【お題 DE フォチュカ★】短編小説『リヒトのメリークリスマス。』

 『クリスマス』をテーマに書きおろした、コウサカチヅルのオリジナル作品『フォーチュカロン』の短編小説です(ㆁωㆁ*)。

 リヒト視点で展開する、ちょっぴりシリアス? なクリスマスの物語、よろしければ聖夜のお供にぜひ⛄️

🎅🏼🎄🎂🍷🎁⛄️🎉

 クリスマスは、子どもの頃は全然うれしく思えなかった。

 雪が降ると濡れちゃって、なんか冷たいし。

 キレイなイルミネーションも、甘くてだいすきなはずのケーキも。

 『独り』だと味気なくて、どこか虚しくて。

 20年前から、たまにエンつんと過ごすようになって。

 今年はさらに、かろんがいた。

「リヒトさん、綺麗だねぇ!」
 真っ白な息を吐きながら、小柄で愛らしい少女がオレに笑いかける。

 オレと『蜜守契約』を交わした『蜜人』の女の子、久川かろんだ。

 オレたちは、かろんの家の最寄り駅前に、ふたりで来ていた。
 飾りつけられたロータリーは、こぢんまりとはしているけれど、トナカイや雪の結晶の形に配置された色とりどりの光たち、サンタクロースのオブジェもあった。
 へぇ、最近では花の形をしたライトなんかもあるんだな……プラスチックのような材質だ。水色にピンクがところどころ交ざったその明かりも、不規則に並んでいた。

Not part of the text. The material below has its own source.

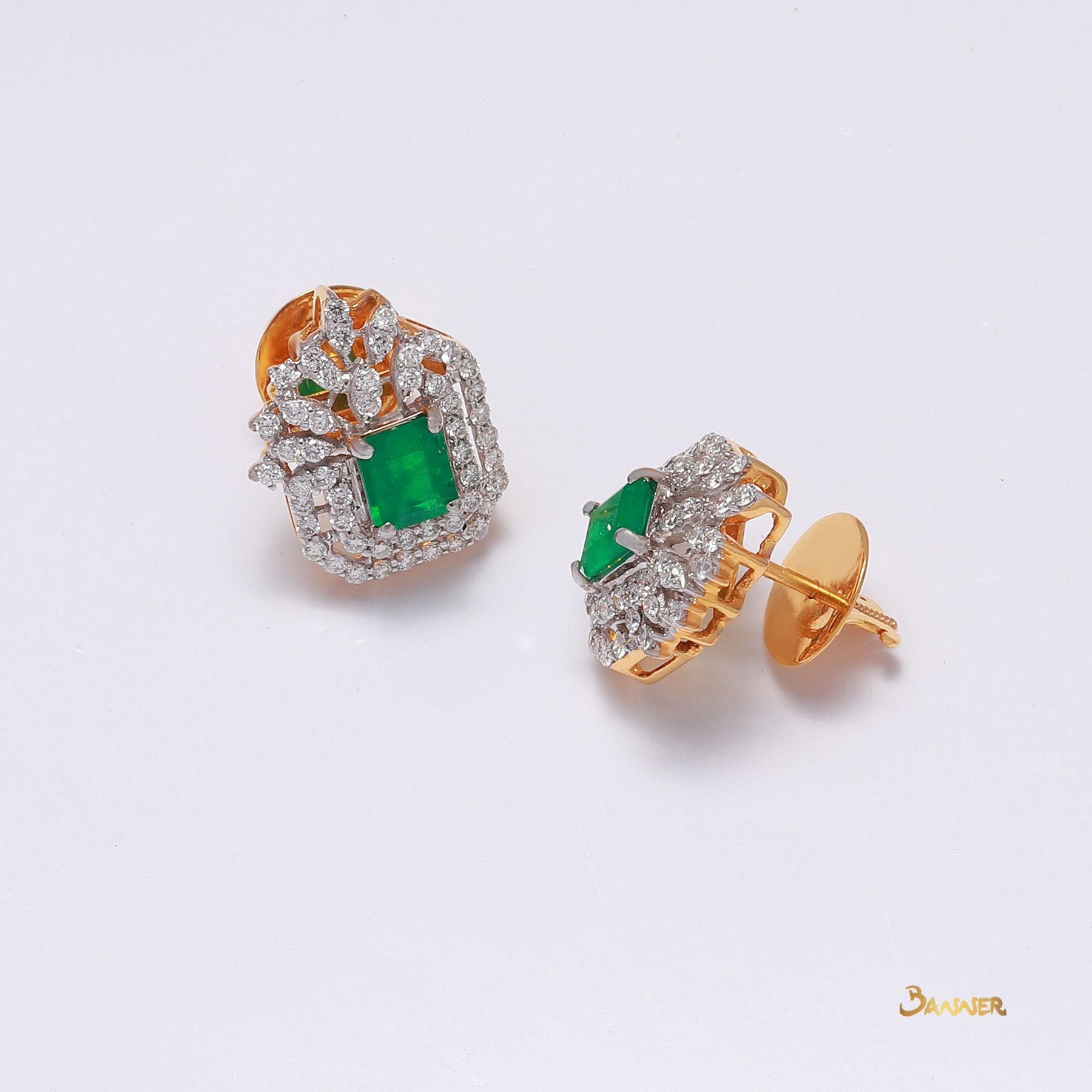 Columbian Emerald and Diamond Earrings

 エンつんたちのいる冥府へ行く前に、かろんが寄りたいと言ったのだ。
「どしたの、かろん? 今日、冥府のクリスマスパーティだけど……」
「うん、ちょっとね……はい、これどうぞ!」

 ファーのついた白いコート姿のかろんは、背中の小さな革のリュックをおろすと、包みのようなものを取りだしてオレに差しだした。
「メリークリスマス、リヒトさん♪」
「……え」

 目が、点になった。だって。
「あれ? これから冥府のパーティで、プレゼント交換もするよね……?」
 オレも、だれに当たるかわからないそちら用のプレゼントは、用意させてもらっていたのだけれど……(5回だけ実体化して、なんでも言うことをきいてくれる『式』にした)。
「ふふー」
 かろんは、いたずらっぽく笑って、うきうきした様子で答える。
「これはプラスワンのお礼です!」
「お礼?」
「あのね、リヒトさんはいつも私と居てくれて、いっぱい守ってくれて、あったかい気持ちをたくさんくれるから!」
 彼女の輝く瞳から、目が離せない。
「えと、開けてみて!」
「う、うん……」
 半分呆けたようになりつつも、言われたままに包みを開ける。
 光沢あるブラウンのリボンに、深緑をしたそれから出てきたのは……。
「――! 手袋……」
 柔らかい、モカブラウン色をした手袋。
 シンプルで華奢なデザインは、今着ているチャコールグレーのコートともよく合いそうだった。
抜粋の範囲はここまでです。